◆ Data for this exercise:

--

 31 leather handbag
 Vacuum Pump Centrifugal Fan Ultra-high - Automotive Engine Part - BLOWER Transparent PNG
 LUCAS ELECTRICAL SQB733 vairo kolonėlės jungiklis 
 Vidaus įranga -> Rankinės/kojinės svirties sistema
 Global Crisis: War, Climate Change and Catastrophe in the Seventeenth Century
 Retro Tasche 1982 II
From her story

--

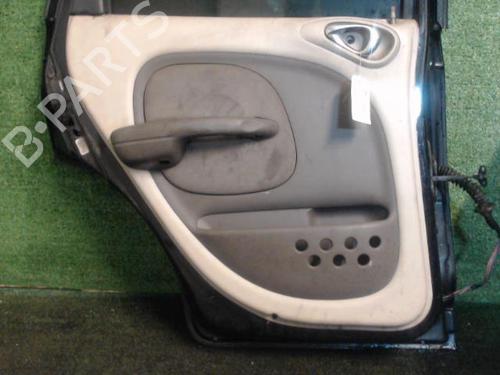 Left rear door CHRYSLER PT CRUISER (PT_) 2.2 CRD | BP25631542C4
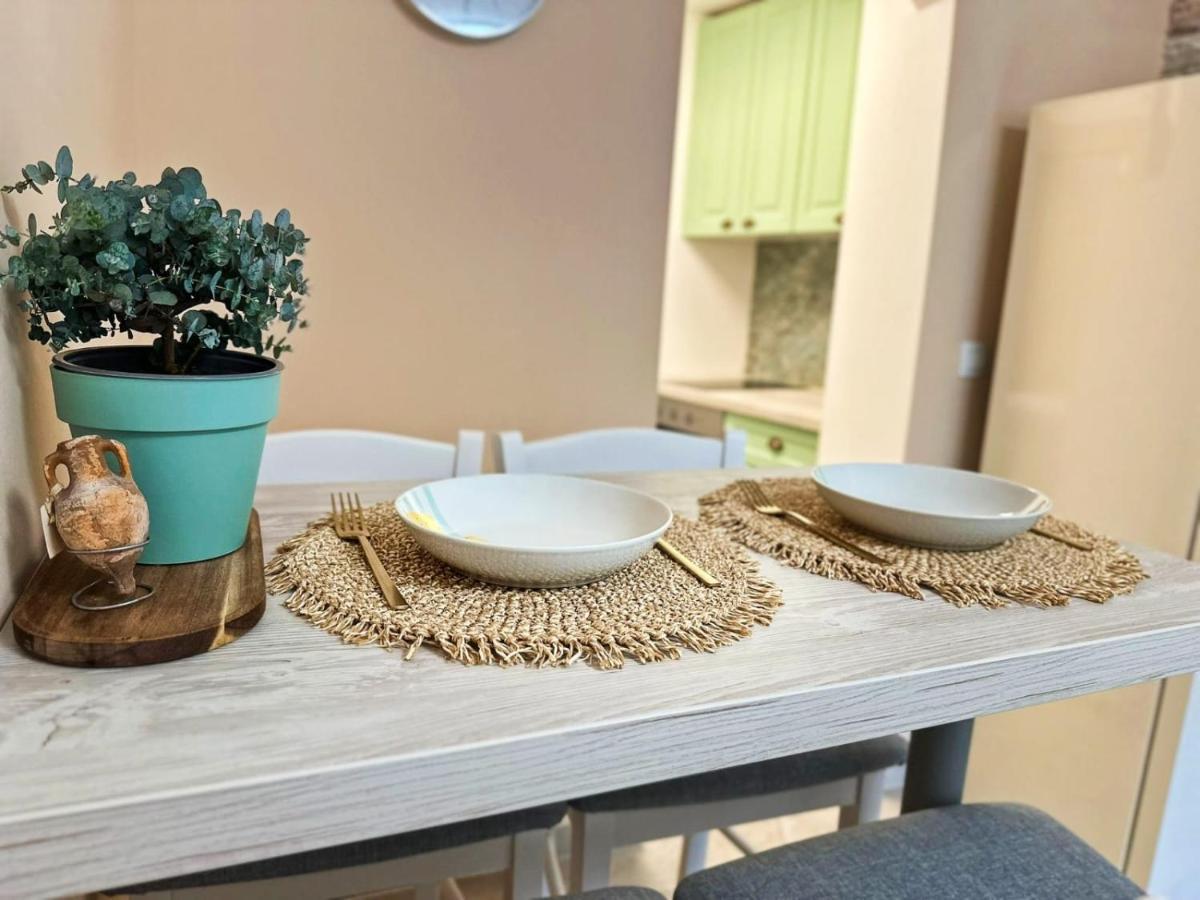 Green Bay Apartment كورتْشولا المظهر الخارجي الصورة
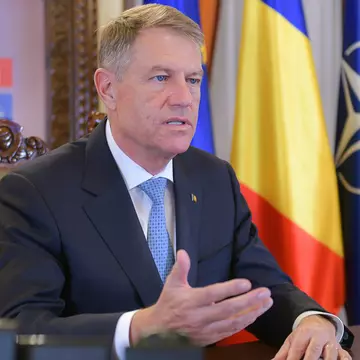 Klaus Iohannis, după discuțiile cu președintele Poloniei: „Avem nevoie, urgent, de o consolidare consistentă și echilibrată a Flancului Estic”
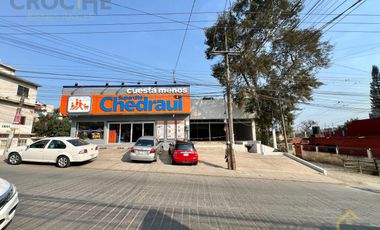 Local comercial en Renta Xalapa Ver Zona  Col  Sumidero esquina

--

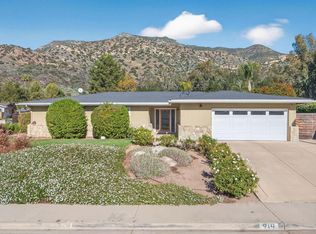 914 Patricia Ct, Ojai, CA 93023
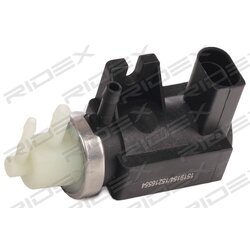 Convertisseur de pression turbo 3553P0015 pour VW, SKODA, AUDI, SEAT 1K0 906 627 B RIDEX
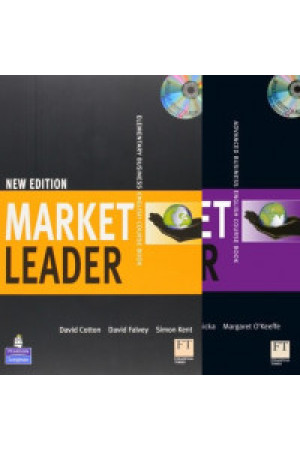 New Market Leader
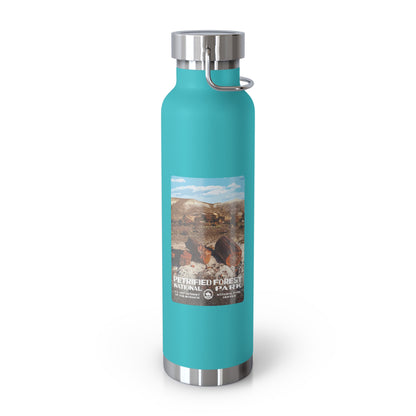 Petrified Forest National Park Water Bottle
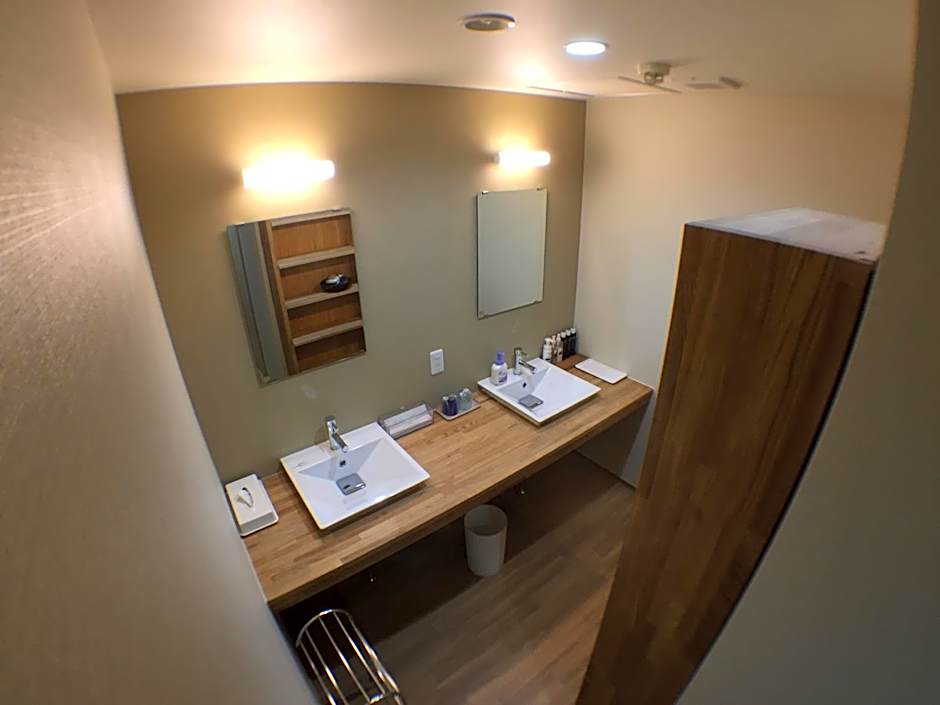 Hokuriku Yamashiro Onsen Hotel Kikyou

--

◆ The task: From the records above, quote only the lines running from the line with "Global Crisis: War, Climate" to the line with "From her story", both lines included.

◆ Your solution:
 Global Crisis: War, Climate Change and Catastrophe in the Seventeenth Century
 Retro Tasche 1982 II
From her story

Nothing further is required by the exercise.